Fanny stared ahead as the candles flickered one by one into darkness. To think the web had lain between them all these years. Snip one strand and the rest fell away.
“You see,” she said at last, “The past does matter—as much as the future.”
* * * *
Although the twins had every reason to have spent a sleepless night, the sun had risen high by the time Sally entered their chamber and pulled the curtains back.
“Sally!” Tavie cried, suddenly alert. “Whatever time is it?”
“Almost half past ten, and a beautiful day. They say the road is open all the way to North Umphish.”
“Half past ten!” Genie leaped from the bed, pulling Tavie with her, snatched a large key from the table, and raced for the door. They flung themselves into the corridor, careened around corners, their night rails flying, and dashed for the door to the attic. When they reached it, they stopped in their tracks. The door stood open.
Aghast, Tavie seized Genie’s arm. “If the road to North Umphish is open, we can pack our band boxes and be away—”
“And do what?” her sister asked helplessly. “Hire ourselves as governesses perhaps?”
“We certainly made a thorough enough study of the creatures. I daresay if we dressed like frumps—”
“Oh, Tavie! It simply will not fadge. There is nothing for it but to be locked in our chamber for a week, eat black bread and water, and contrive a way to make ourselves so excessively charming our parents cannot but forgive us.”
“We shall have wasted away to nothing by then,” Tavie said in tones of sore disconsolation, “to say nothing of missing Christmas. What’s more, now the road is open, that dreadful Miss Walleye will be here after all—and it is altogether likely even Mama will not champion us against her now.”
“We must not give up hope yet,” Genie said stoutly. “Let us see if Mama is in her chamber. Perhaps we can explain.”
The twins retraced their steps down the corridor with considerably less rapidity than they had traversed it a moment or two earlier. They were surprised when they reached the door to their mama’s chamber to find that the noxious Flops was asleep outside, emitting wheezing snuffles of distressing volume. At their approach, he opened one baleful eye, summoned a listless snarl, and went back to sleep.
“Do you suppose,” Genie whispered, her sense of the ridiculous returning, “there is a way we can persuade them the dog is responsible?”

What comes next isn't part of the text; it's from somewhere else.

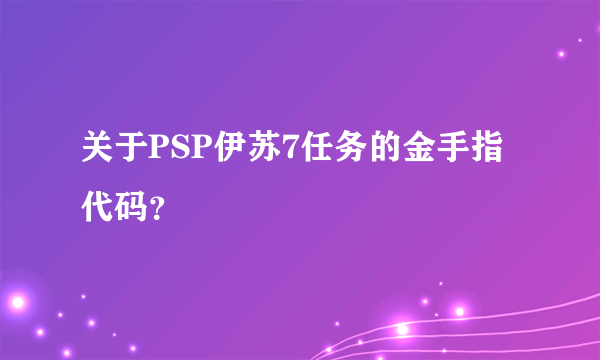 关于PSP伊苏7任务的金手指代码？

“Only if our parents are vastly more stupid than is likely. What an inconvenience it is,” Tavie frowned, “not to have a younger sibling on whom to blame such things.”
“What are you two about now?”
The pair turned to see Sally bearing swiftly down upon them.

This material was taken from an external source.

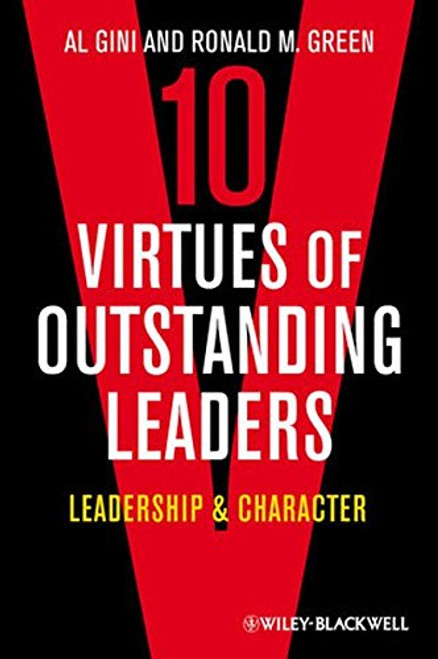 10 Virtues of Outstanding Leaders: Leadership and Character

“Oh, Sally!” Tavie cried. “It is all gone awry. Mama and Father have escaped!”
“Yes,” Sally returned tartly. “They are escaped to your mother’s chamber where they have been these past two hours or more. I took the liberty of unlocking the attic door at dawn. If I had had an idea you would interpret my advice by exiling them to that frozen region, I should have minded my own business.”

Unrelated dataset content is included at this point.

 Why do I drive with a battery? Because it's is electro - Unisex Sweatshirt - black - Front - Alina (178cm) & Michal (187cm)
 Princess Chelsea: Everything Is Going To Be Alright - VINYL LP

“What odd noises,” Genie said, ignoring Sally’s scolding and pressing an ear to the door. “Listen, Tavie. It does not sound in the least like they are merely embracing. You do not suppose they would do one another harm? Why, it sounds as if—”
Sally took both girls firmly by the shoulders and turned them down the corridor. “I believe your parents do quite well,” she told them. “Let us go to your chamber and ready you for the day.”
The girls followed Sally, casting many a curious glance over their shoulders. As Sally helped them to dress, they besieged her with numerous speculative questions about what their parents must be up to behind the closed door. All of these the maid decided had best be left to their mother when that lady had leisure to address such concerns.
“I think perhaps we had best give them their gifts this morning,” Tavie advised as she tied a ribbon about her curls.
“Yes, of course, but ought we say they are from us, or continue with our original plan?”
“It is a puzzle, for if they come from us, our parents may find their hearts softening—yet wonder how we contrived to find the funds!”